April is National Facial Protection Month and dental experts at the American Association of Orthodontists (AAO), American Dental Association (ADA), American Association of Oral and Maxillofacial Surgeons (AAOMS), Academy for Sports Dentistry (ASD), and American Academy of Pediatric Dentistry (AAPD) are reminding athletes and recreational sports players to wear mouth guards to protect their teeth.
Mouth guards can help prevent serious, painful facial injuries that affect the mouth and teeth.
Experts from the five dental associations are urging parents, caregivers, athletes, and coaches to be proactive about staying safe by using a mouth guard. They offer the following statistics to keep in mind as the spring sports season begins:
- 3 – Types of mouth guards: Custom-fitted mouth guards are made by your dentist for you personally. Stock mouth guards come pre-formed and may offer a bulky fit. Boil and bite mouth guards are softened in boiling water and then inserted and allowed to adapt to the shape of your mouth.

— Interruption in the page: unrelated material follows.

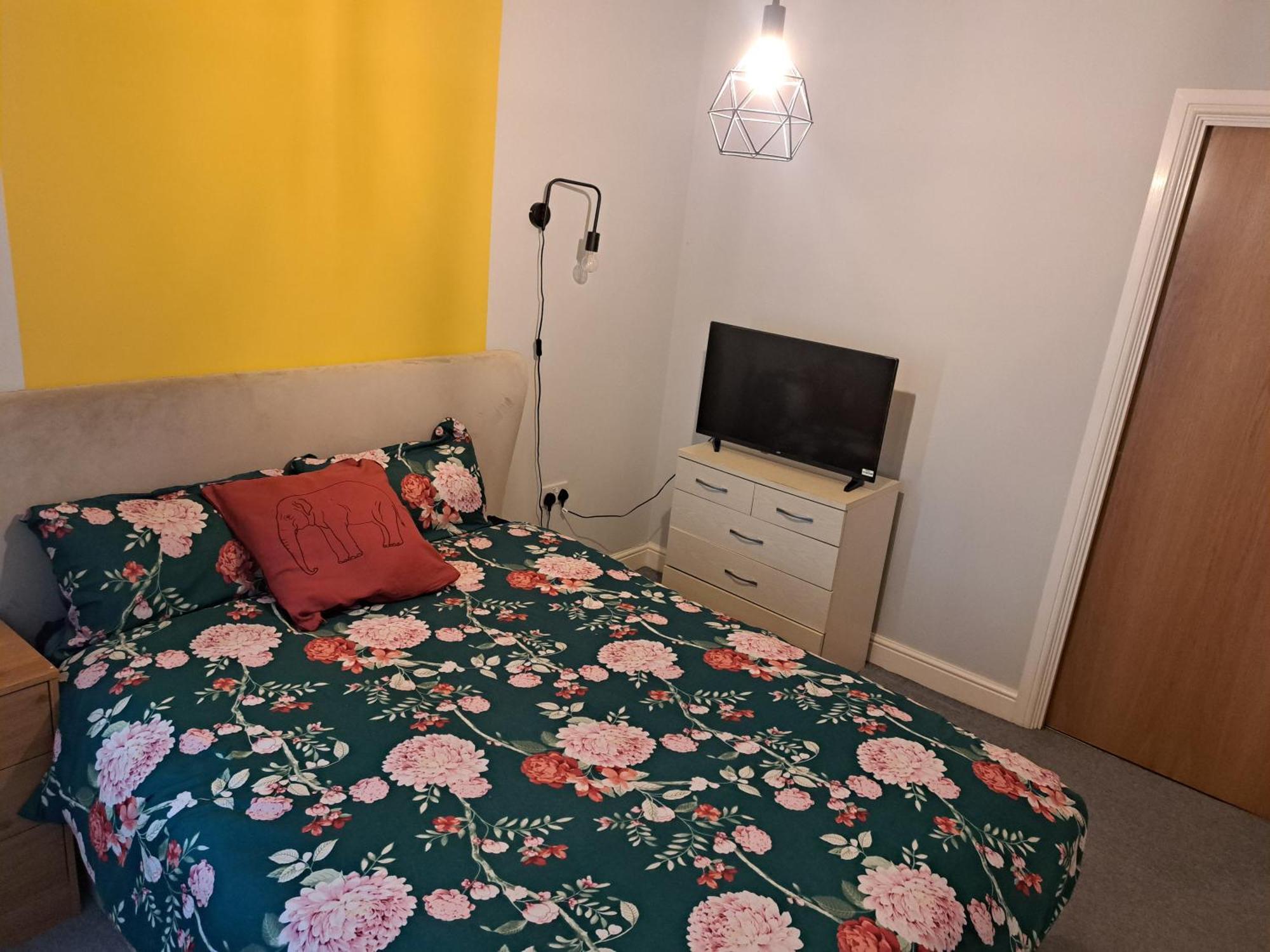 Private And Comfortable Room In Cosy Home Nottingham Buitenkant foto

- 7 to 11 – The ages during which children are most vulnerable to sports-related mouth injuries.
- 60 – The number of times that athletes are more likely to suffer harm to the teeth if they’re not wearing a mouth guard.
- All – How many sports during which you should wear a mouth guard. Collision and contact sports may be high-risk for the mouth, but you can still experience a dental injury from other sports such as gymnastics or skating.